# Woman trashes store over EBT card



## LastOutlaw (Jun 1, 2013)

Woman trashes store after EBT card/ food stamps refused.
Imagine what it will be like when all the cards quit working.


----------



## camo2460 (Feb 10, 2013)

Just another example of the "Entitlement Syndrome". She needed her greasy Butt stomped into the floor real bad.


----------



## readytogo (Apr 6, 2013)

Send her or it to Cuba and see how she/it likes living without water or regular food or toilet paper for some time ,things like her belong in a glass cage at the Smithsonian Zoo.


----------



## camo2460 (Feb 10, 2013)

readytogo said:


> Send her or it to Cuba and see how she/it likes living without water or regular food or toilet paper for some time ,things like her belong in a glass cage at the Smithsonian Zoo.

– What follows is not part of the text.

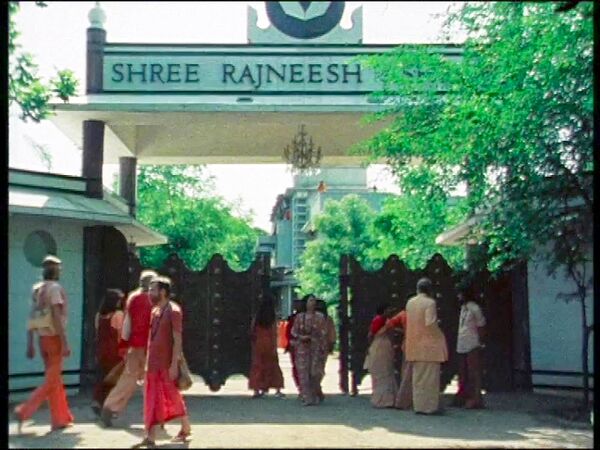 still 06m 39s - Rajneesh Ashram, the "Gateless Gate".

RTG shame on you. Why would you wish to defile such an Historical Landmark by piling that Dung Heap in it? The place to send her is to India where she can be worshiped like the Cow that she is!


----------



## UncleJoe (Jan 11, 2009)

LastOutlaw said:


> Woman trashes store after EBT card/ food stamps refused.


Negative!

The garbage peddlers that they are, Infowars took this video from YouTube and reposted it on their site with a new title. It's from last July and the woman was annoyed that she couldn't get her "skittles" candy because the convenience store was sold out.

Exact same video only a year later and a different title.

Believe very little of what you hear or see on Infowars. They are the tabloids of the cyber world


----------



## tmttactical (Nov 23, 2015)

UncleJoe said:


> Negative!
> 
> The garbage peddlers that they are, Infowars took this video from YouTube and reposted it on their site with a new title. It's from last July and the woman was annoyed that she couldn't get her "skittles" candy because the convenience store was sold out.
> 
> ...


Thank you for the info. I try and avoid those types of sites.


----------



## hiwall (Jun 15, 2012)

As is often the problem is the video or article will get picked up by other sites and spread around the internet until it gets hard to find the original source.


----------



## UncleJoe (Jan 11, 2009)

hiwall said:


> As is often the problem is the video or article will get picked up by other sites and spread around the internet until it gets hard to find the original source.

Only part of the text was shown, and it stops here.